- _DIRECTIONS FOR THIS TASK_: Restate, word for word, each record that follows.

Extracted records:
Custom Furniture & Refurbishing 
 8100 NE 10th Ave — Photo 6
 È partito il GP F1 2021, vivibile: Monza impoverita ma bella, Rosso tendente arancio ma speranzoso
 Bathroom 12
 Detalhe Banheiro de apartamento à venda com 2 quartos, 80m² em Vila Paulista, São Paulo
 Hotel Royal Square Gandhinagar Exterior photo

- _SOLUTION_:
Custom Furniture & Refurbishing 
 8100 NE 10th Ave — Photo 6
 È partito il GP F1 2021, vivibile: Monza impoverita ma bella, Rosso tendente arancio ma speranzoso
 Bathroom 12
 Detalhe Banheiro de apartamento à venda com 2 quartos, 80m² em Vila Paulista, São Paulo
 Hotel Royal Square Gandhinagar Exterior photo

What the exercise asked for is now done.